The intestinal IR-induced jejunal atrophy was observed in the WT-IR3 (Figure 1A) and KO-IR3 groups (Figure 1B) and was reversed in the WT-IR6 and KO-IR12 groups. With sham operation, the KO-SH group had significantly lower jejunal villus density (P = 0.012), villus height (Figure 1C), and crypt depth (Figure 1D) than the WT-SH group. With intestinal ischemia, the WT-IR3 and KO-IR3 groups had significantly decreased villus heights and the IR-induced decrease in villus height was reversed in the WT-IR6 and KO-IR12 groups. The crypt depth was significantly decreased at 3 h of reperfusion and reversed at 12 h of reperfusion in KO, but not in WT mice. Neither the mGC-G gene nor intestinal IR had significant impact on muscularis thickness.

Figure 1

Jejunal morphology. H&E staining in WT (A) and KO (B) mice.

Scale bars  = 25 µm. The average villus height (C), crypt depth (D), and mucosal dry weight (E) and protein content (F) per centimeter of jejunum. Means ± SEM, n = 10 for WT groups and n = 9 for KO groups. *P<.05, KO vs.
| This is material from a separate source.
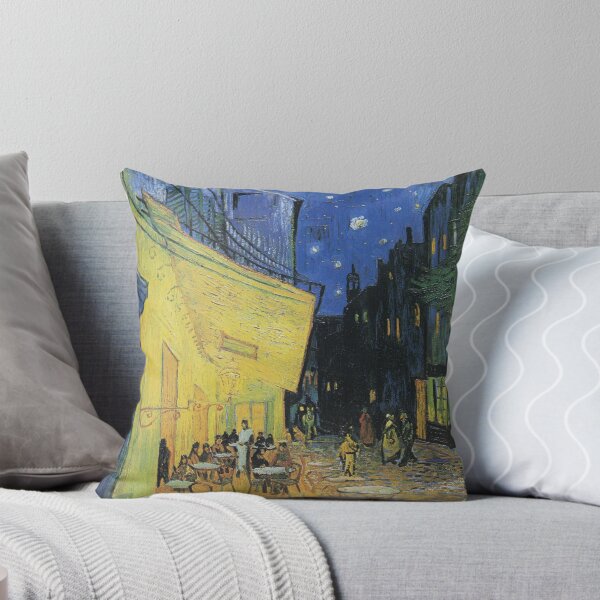 Item preview, Vincent van Gogh's Café Terrace at Night (1888) famous painting designed and sold by Oliveirallan.
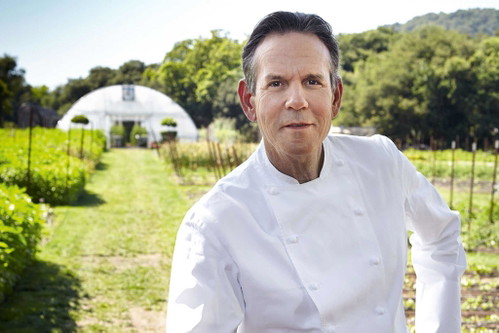 Thomas Keller, Chef im französisch inspirierten «The French Laundry».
WT mice with sham operation or with intestinal IR at the same time point (Student’s t-test,). Values with different superscripts indicate significant differences within all of the time points in WT and KO mice, individually (one-way ANOVA with LSD, P<.05).

In the jejunal mass, the WT-IR6 and WT-IR3 groups had significantly decreased mucosal dry weight (Figure 1E) and protein content (Figure 1F), respectively, and these decreases were reversed in the WT-IR12 group. The KO-SH group had significantly decreased mucosal DNA content in the jejunum compared with the WT-SH group (P<.001). Intestinal IR did not have a significantly impact on mucosal DNA content in WT and KO mice.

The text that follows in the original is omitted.